The master was restarted. Here is the crash and restart:
Jul 22 10:48:09 janus slapd[29187]: send_ldap_response: ber write failed Jul 22 10:48:09 janus slapd[29187]: ch_calloc of 1 elems of 46912585677634 bytes failed Jul 22 10:50:40 janus slapd[29859]: hdb_db_open: unclean shutdown detected; attempting recovery. Jul 22 10:50:40 janus slapd[29859]: slapd starting
Things seemed to be back to normal. My concern then was that a bad slave had caused the master to crash. I then noticed that Buchan Milne had just released a new version of his RPMS, so I upgraded the master.
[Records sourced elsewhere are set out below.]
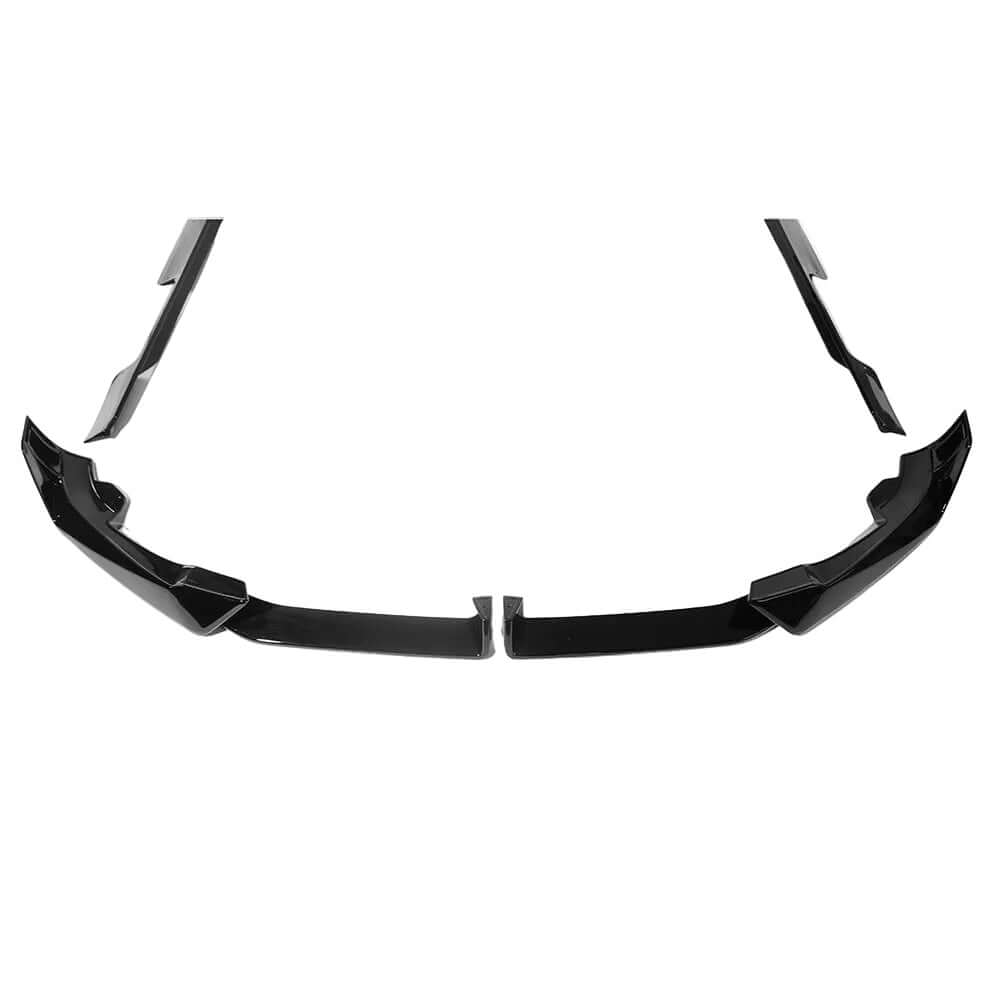 BMW G06 X6 LCI gloss black kit components displayed, showcasing the high-quality ABS plastic finish.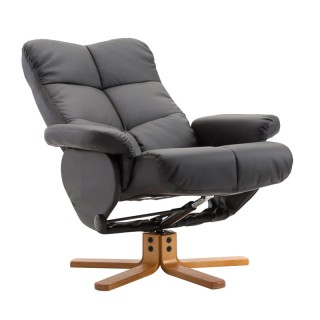 Ανακλινόμενη Πολυθρόνα με Υποπόδιο 80 x 99 x 86 cm HOMCOM 833-359BK Ανακλινόμενη Πολυθρόνα με Υποπόδιο 80 x 99 x 86 cm HOMCOM 833-359BK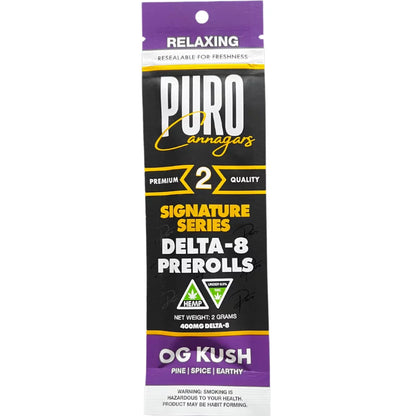 Puro Cannagars Signature Series Pre Rolls 2G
From the yum logs you can see the version transition:
Jan 11 09:45:02 Updated: openldap.x86_64 2.3.39-3.rhel5 Jul 22 11:04:15 Updated: openldap - 2.3.43-1.rhel5.x86_64
A few days later I started getting the error I reported originally on the master:
Jul 25 02:41:51 janus slapd[31075]: conn=7142 op=1 DEL dn="uid=pcass,ou=People,dc=une,dc=edu,dc=au" Jul 25 02:41:51 janus slapd[31075]: conn=7142 op=1 RESULT tag=107 err=80 text=DN index delete failed
Whew, that took some time to put that error report together. I hope I didn't miss anything vital.
In summary I think I could say that with openldap.x86_64 2.3.39 I could crash the master syncrepl server by causing disk write errors on a slave. I don't know if this problem still exists in 2.3.43.